WHAT THE TASK REQUIRES » Print the entries in full, word for word, but not the pictures.

►

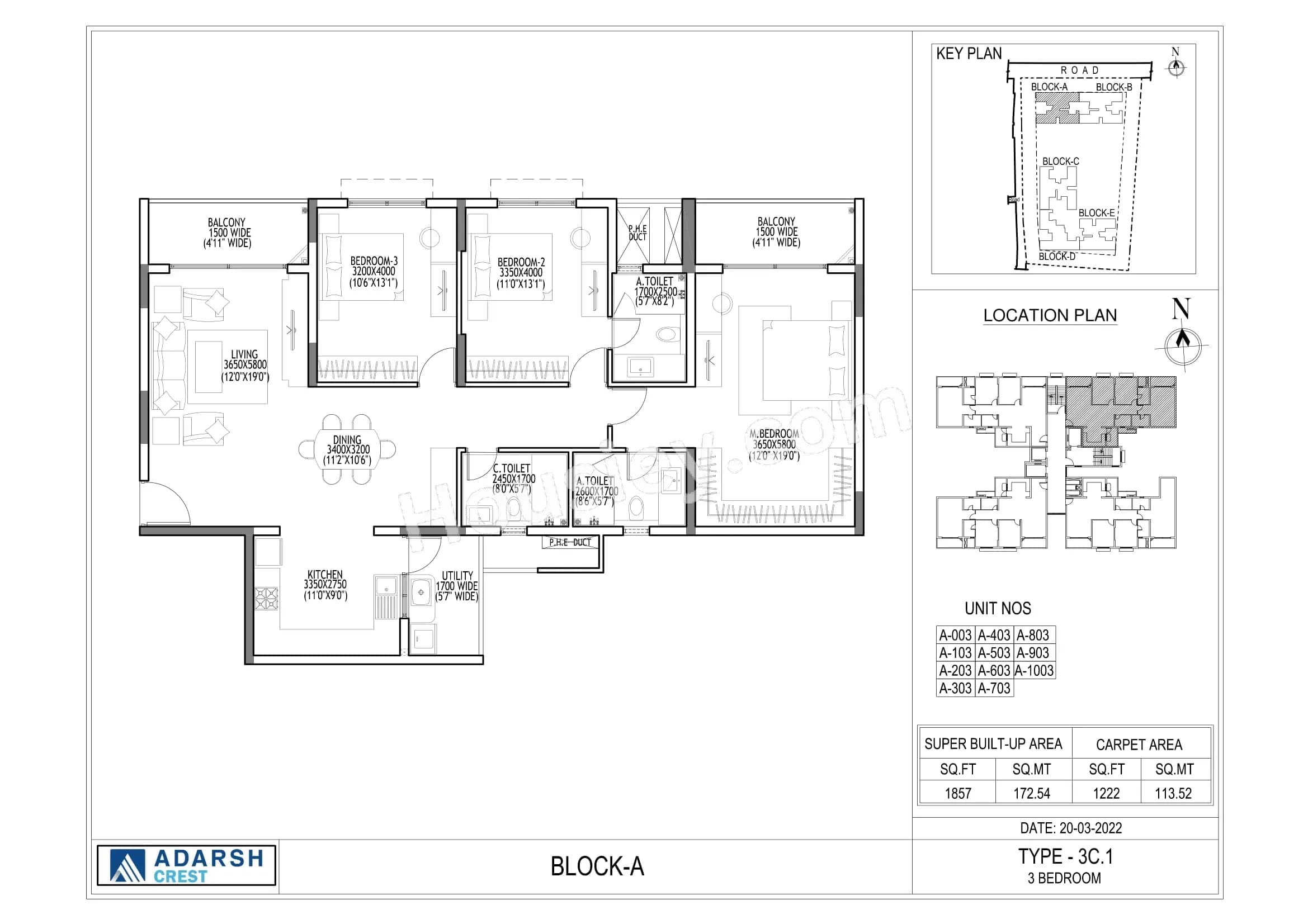 Unit plan - 1222 sq.ft.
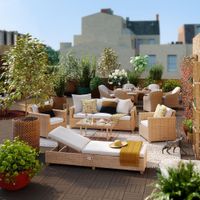 Set de Jardín Sillones y Mesa Ratán Beige 5 personas - Naterial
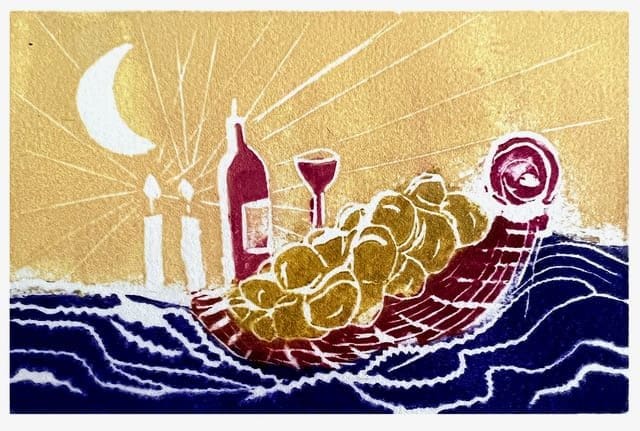 Shabat by Miriam Libhaber Artwork for Shabbat celebration with wine and candles under moon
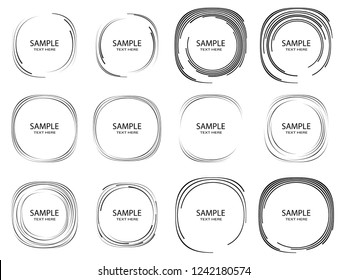  Lines in Circle Form . Spiral Vector Illustration .Technology round Logo . Design element . Abstract Geometric shape . Striped border frame for image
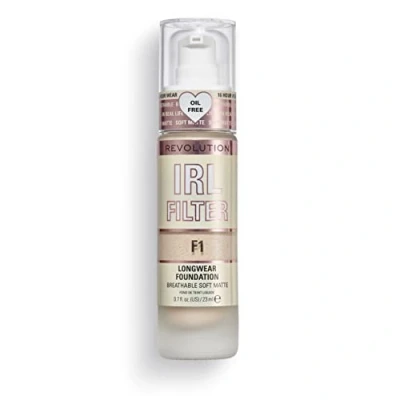 Image of Makeup Revolution IRL Filter, Longwear Foundation, Medium To Full Coverage, Matte Finish, 16 Hour Wear, F1, Fair Light Skin Tones, 23ml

◄

ANSWER AREA »
 Unit plan - 1222 sq.ft.
 Set de Jardín Sillones y Mesa Ratán Beige 5 personas - Naterial
 Shabat by Miriam Libhaber Artwork for Shabbat celebration with wine and candles under moon
  Lines in Circle Form . Spiral Vector Illustration .Technology round Logo . Design element . Abstract Geometric shape . Striped border frame for image
 Image of Makeup Revolution IRL Filter, Longwear Foundation, Medium To Full Coverage, Matte Finish, 16 Hour Wear, F1, Fair Light Skin Tones, 23ml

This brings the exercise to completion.